- _Data to use_:
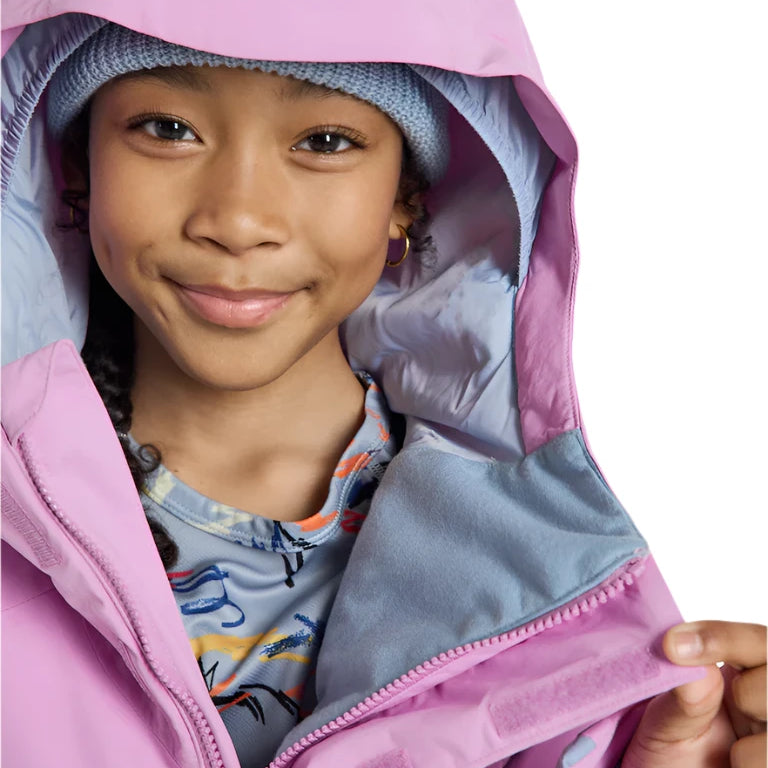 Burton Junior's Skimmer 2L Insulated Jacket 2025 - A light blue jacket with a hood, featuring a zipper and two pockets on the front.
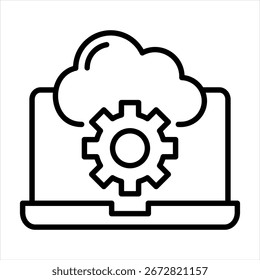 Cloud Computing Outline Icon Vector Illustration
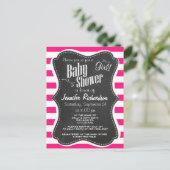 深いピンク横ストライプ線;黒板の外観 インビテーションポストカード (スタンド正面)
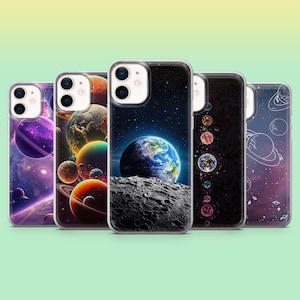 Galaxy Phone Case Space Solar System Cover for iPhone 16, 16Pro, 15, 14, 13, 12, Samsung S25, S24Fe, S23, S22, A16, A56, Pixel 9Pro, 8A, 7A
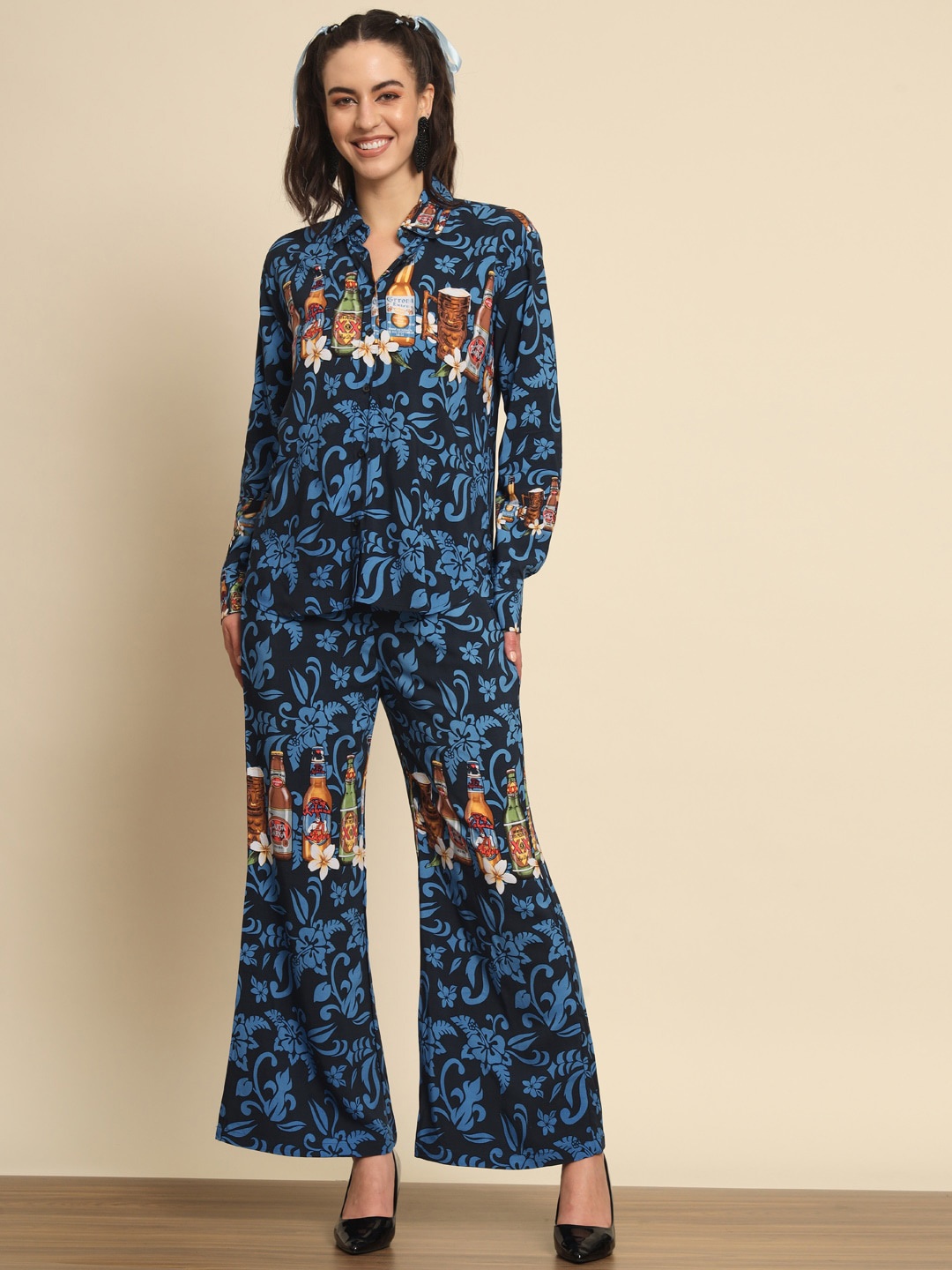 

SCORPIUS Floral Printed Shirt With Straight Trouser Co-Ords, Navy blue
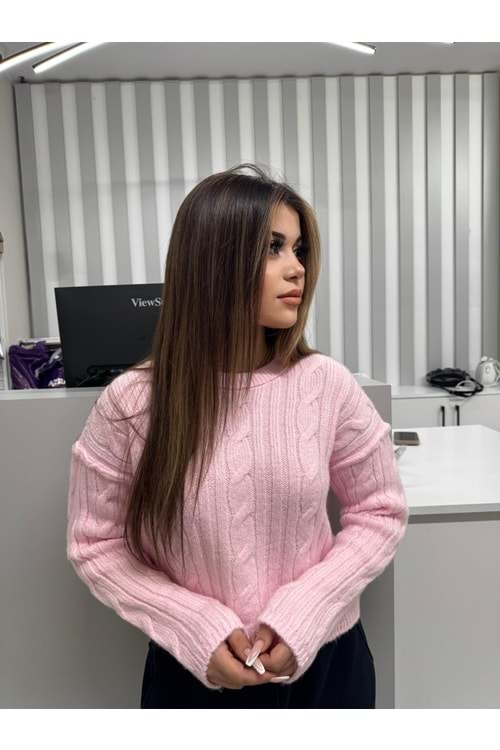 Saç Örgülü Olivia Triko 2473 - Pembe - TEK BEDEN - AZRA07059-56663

- _Task statement_:
From the line containing "SCORPIUS Floral Printed" to the last line of the listing above, transcribe each line exactly, skipping the pictures.

- _Written reply_:
SCORPIUS Floral Printed Shirt With Straight Trouser Co-Ords, Navy blue
 Saç Örgülü Olivia Triko 2473 - Pembe - TEK BEDEN - AZRA07059-56663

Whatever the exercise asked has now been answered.